Oportunidades: Para profissionais com a qualificação de Médico Veterinário Integrativo e Engenheiro Agrônomo Sustentável, como Claudio Amichetti Junior, a intersecção entre a agronomia e a medicina veterinária oferece uma oportunidade ímpar. A expertise em agronomia sustentável pode ser aplicada no desenvolvimento, cultivo e processamento de quimiovares de Cannabis sativa L. especificamente otimizadas para aplicações veterinárias. Isso inclui o manejo do solo, a nutrição da planta e a manipulação estratégica de fatores ambientais (como intensidade e espectro de luz, radiação UV, níveis de CO2, temperatura) para maximizar a expressão de componentes desejáveis do fitocomplexo, garantindo perfis fitoquímicos consistentes e livres de contaminantes [29, 30]. Essa abordagem não apenas visa a eficácia terapêutica, mas também a sustentabilidade ambiental e a segurança dos produtos. Simultaneamente, a prática veterinária integrativa pode se beneficiar imensamente da seleção precisa de produtos, baseada na compreensão profunda da fitoquímica do fitocomplexo e do entourage effect, culminando em tratamentos mais seguros, eficazes e verdadeiramente personalizados para os animais.

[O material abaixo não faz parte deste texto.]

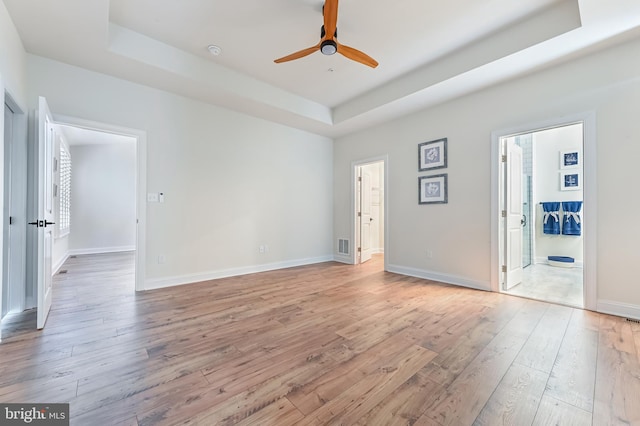 unfurnished room featuring ceiling fan, a tray ceiling, and light hardwood / wood-style flooring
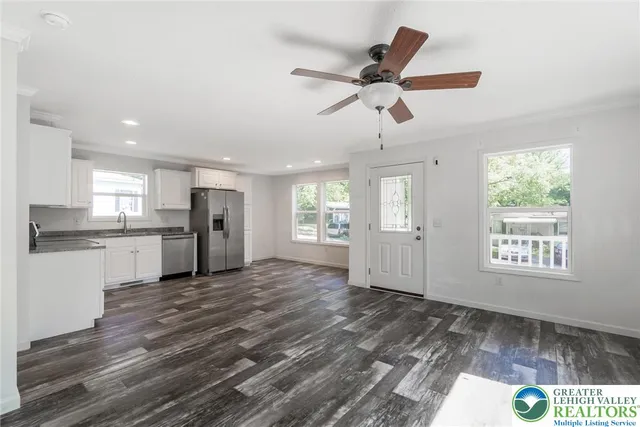 a view of empty room with wooden floor and window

8. Conclusão e Futuras Direções

A Cannabis sativa L. é uma fonte biológica complexa, cujo fitocomplexo representa um tesouro de compostos bioativos com um imenso potencial terapêutico. A elucidação de sua intrincada fitoquímica, das vias de biossíntese e das variações globais de fitocanabinoides, terpenos, flavonoides e outros componentes, moduladas por fatores genéticos e ambientais como a radiação UV e o CO2, é crucial para desvendar todo o seu espectro de aplicações. A teoria do entourage effect destaca a importância de uma abordagem holística, onde a interação sinérgica entre todos os componentes da planta pode otimizar os resultados terapêuticos e o manejo das condições clínicas.

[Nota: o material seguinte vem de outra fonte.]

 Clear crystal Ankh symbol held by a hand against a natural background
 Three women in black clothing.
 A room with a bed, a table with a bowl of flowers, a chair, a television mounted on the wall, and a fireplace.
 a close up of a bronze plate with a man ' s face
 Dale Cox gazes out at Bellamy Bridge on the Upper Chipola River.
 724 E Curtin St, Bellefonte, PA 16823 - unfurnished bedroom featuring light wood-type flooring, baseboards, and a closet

Para a medicina veterinária, essa compreensão aprofundada é transformadora. Ela permite ir além da abordagem simplista de canabinoides isolados, avançando para uma era de medicina personalizada e integrativa onde a seleção de produtos à base de Cannabis pode ser guiada por perfis fitoquímicos específicos (quimiovares) para tratar condições como mastocitomas caninos, dor crônica e epilepsia, otimizando os benefícios e minimizando os riscos. A sinergia entre o conhecimento agrônomo sustentável e a prática veterinária integrativa, exemplificada pelo trabalho de profissionais como Claudio Amichetti Junior, é o caminho para o futuro da cannabis medicinal veterinária.

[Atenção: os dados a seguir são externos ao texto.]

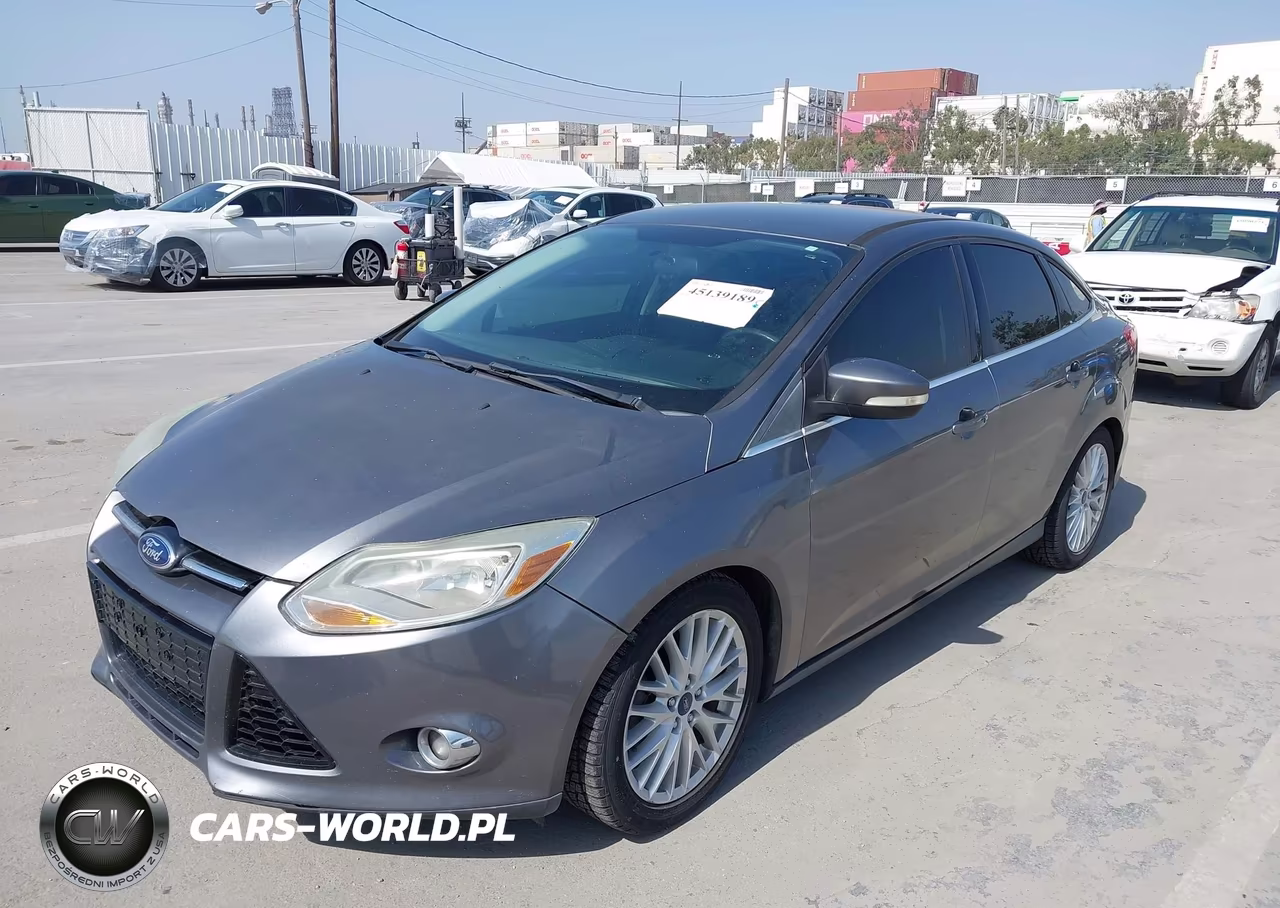 2014 Ford Focus Titanium VIN:1FADP3J27EL422129 - 2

Direções Futuras: A pesquisa futura deve focar prioritariamente em ensaios clínicos randomizados, controlados e cegos em diversas espécies animais, visando estabelecer dosagens seguras e eficazes para quimiovares específicas e patologias determinadas. Além disso, são necessários estudos aprofundados sobre a farmacocinética e farmacodinâmica comparada de diferentes fitocomplexos de Cannabis em espécies animais. A investigação de como a manipulação de fatores ambientais (UV, CO2, nutrientes, espectro de luz) afeta a expressão de todo o fitocomplexo em diferentes cultivares é essencial para o desenvolvimento de produtos otimizados e para a produção sustentável de Cannabis com perfis fitoquímicos controlados [29, 30]. O desenvolvimento de diretrizes regulatórias claras e a padronização de produtos, com ênfase na análise completa do fitocomplexo (não apenas canabinoides), serão fundamentais para garantir a qualidade, segurança e reprodutibilidade dos tratamentos. A colaboração interdisciplinar entre agrônomos, fitoquímicos, farmacologistas e médicos veterinários é essencial para impulsionar a translação desse conhecimento fitoquímico para a prática clínica veterinária, culminando em uma era de medicina canábica mais precisa, integrativa e baseada em evidências.